Woot! The syntax is looking more like Rust all the time, lol.

You’d have to use a Z combinator in Gleam as we don’t have lazy evaluation. It would be very cool to see someone do this!

Gotta give the people what they want :stuck_out_tongue:

Don’t need lazy evaluation for Y combinator’s, you just need first class functions and that’s all. :slight_smile:

Hmm, let me update and experiment… And got 0.5.0 via asdf

Uhh, an issue please? ^.^;

➜ gleam new tester
* creating tester/LICENSE
* creating tester/.gitignore
* creating tester/README.md
* creating tester/gleam.toml
* creating tester/test/tester_test.gleam
* creating tester/src/tester.gleam
* creating tester/.github/workflows/test.yml
* creating tester/rebar.config
* creating tester/src/tester.app.src

Your Gleam project "tester" has been successfully created.
The rebar3 program can be used to compile and test it.

    cd tester
    rebar3 eunit

➜ cd tester
➜ rebar3 eunit
===> Fetching rebar_gleam ({pkg,<<"rebar_gleam">>,<<"0.1.0">>})
===> Downloaded package, caching at /home/<my_user>/.cache/rebar3/hex/hexpm/packages/rebar_gleam-0.1.0.tar                          
===> Compiling rebar_gleam                                                                                                            
===> Verifying dependencies...                                                                                                        
===> Package not found in any repo: gleam_stdlib-v0.5.0.

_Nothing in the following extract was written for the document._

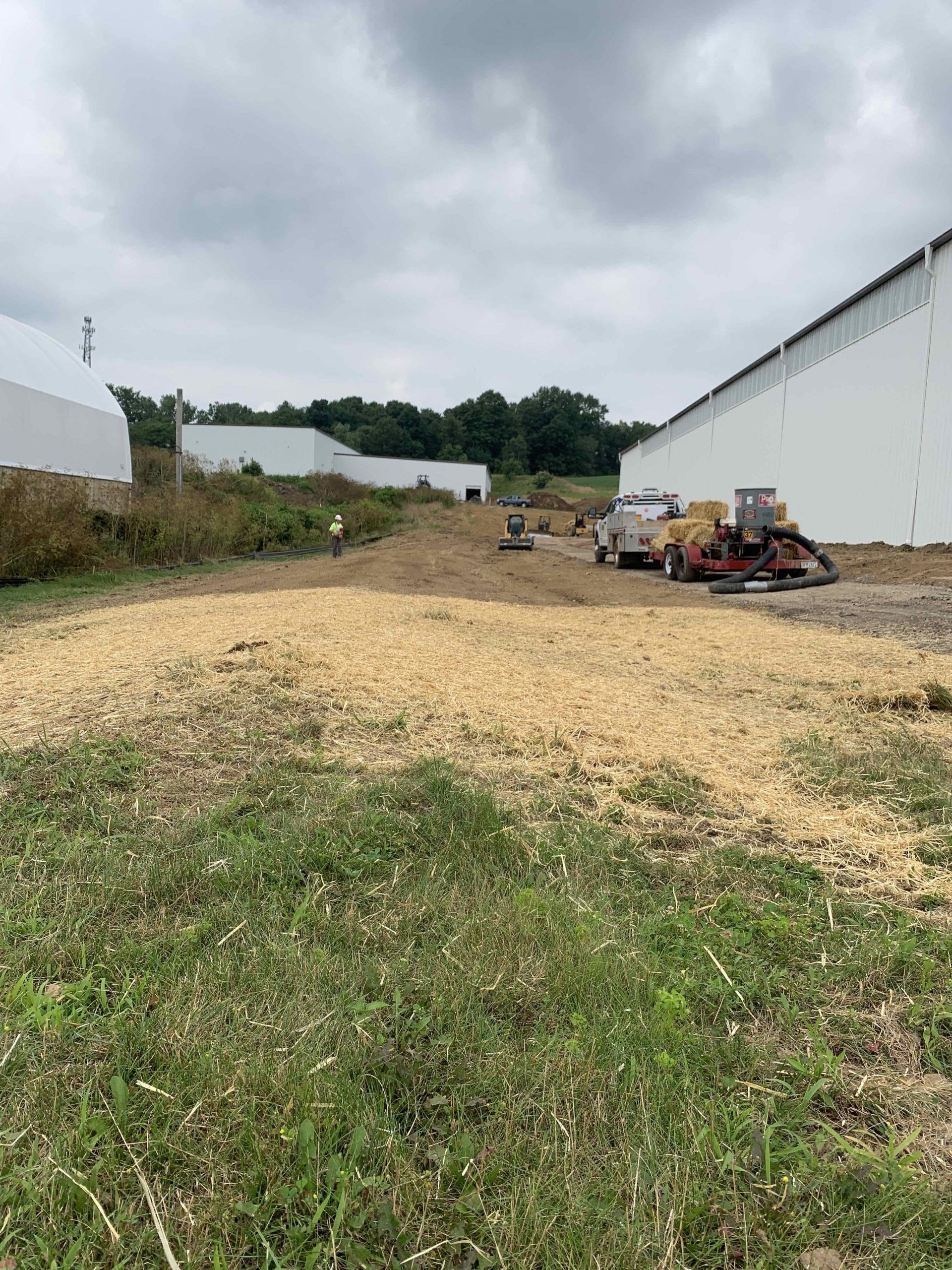 A large white building with a lot of grass in front of it.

Hmm, tried a few different commands to no avail? ^.^;

Edit: For note, the OCaml basic Y-Combinator is just:

let fix f g = (fun x a -> f (x x) a) (fun x a -> f (x x) a) g

I’m definitely not complaining, lol. I’d prefer OCaml, but Rust is clean and clear in a different way, mostly. ^.^

Classic move, I’ve made a typo during the release process! I’ll fix this up right away.